Thousands of Syrians of Armenian descent, who have taken refuge in Armenia and become its citizens recently, will be able to vote this month in a relatively competitive election for the first time in their lives.
The newly naturalized Armenian citizens were born and raised in an autocratic country where political dissent has been suppressed relentlessly and no genuine opposition groups have been allowed to operate legally for decades. They can now choose between a president of the republic and his political opponents freely campaigning and criticizing the ruling regime. That should be quite a novelty for them, even considering Armenia’s notorious culture of electoral fraud.

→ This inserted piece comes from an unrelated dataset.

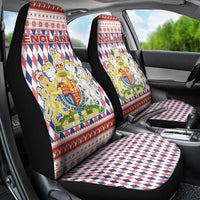England Christmas Car Seat Cover with Red Blue White Diamond Pattern Santa and Coat of Arms - Wonder Print Shop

According to authorities in Yerevan, around 3,000 ethnic Armenians from Syria were granted Armenian citizenship, without losing their original nationality, last year alone. Most of them are believed to be among over 6,000 Syrian Armenians that have fled to their ancestral homeland since the outbreak of the bloody conflict in Syria two years ago. Just like other Armenian nationals, they are eligible to vote in the presidential election scheduled for February 18.

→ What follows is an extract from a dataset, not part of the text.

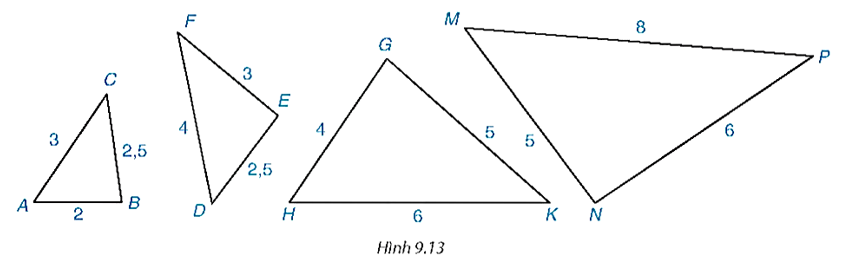 Những cặp tam giác nào dưới đây (H.9.13) là đồng dạng? (các kích thước được tính theo đơn vị centimét). Viết đúng kí hiệu đồng dạng. (ảnh 1)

Tamara Yeranosian, a woman from Aleppo, moved to Armenia with her husband and children just a few months ago. They have rented an apartment in Yerevan since then. “Since I am a citizen of Armenia I want to take part in the election,” she told RFE/RL’s Armenian service (Azatutyun.am).

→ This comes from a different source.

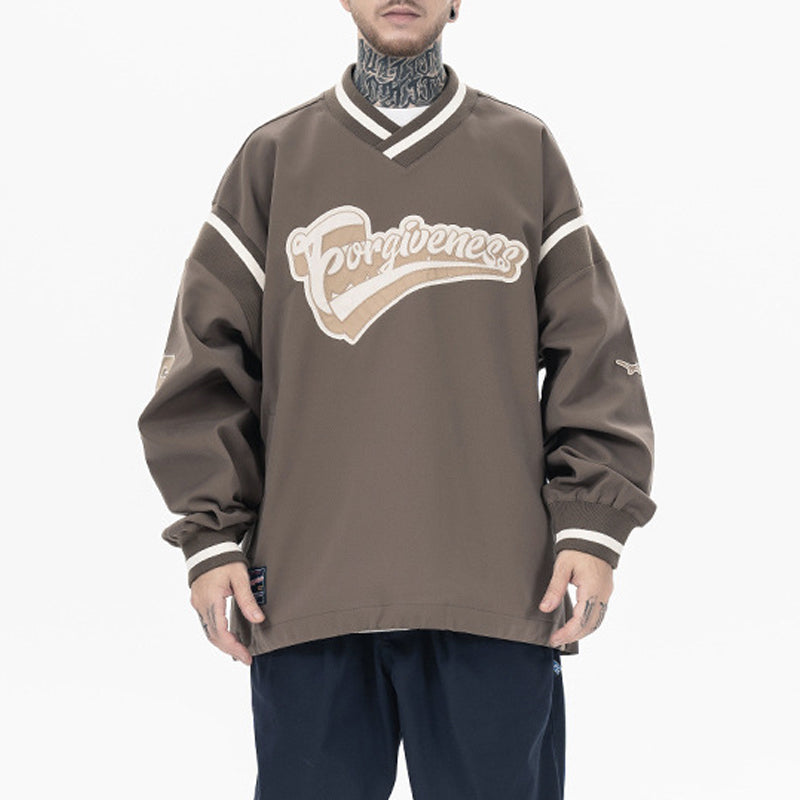 Oversized baseball sweatshirt with embroidered badge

Armenia - Tamara Yeranosian, a Syrian Armenian woman, speaks to RFE/RL's Armenian service in Yerevan.
But while Yeranosian is eager to cast her first ballot as an Armenian citizen, she does not know in what polling station she can exercise her constitutional right and what she needs to do before election day. “When the apartment owner visits us later this month to get the rent I will ask him where I should vote,” she said.
Under Armenian law, citizens are to cast ballots in electoral precincts encompassing their place of residence, which is certified by police or local authorities in the form of a registration. Such registration automatically entails their inclusion on the national voter rolls. Most Syrian Armenians do not have it because of not owning houses or apartments in Armenia.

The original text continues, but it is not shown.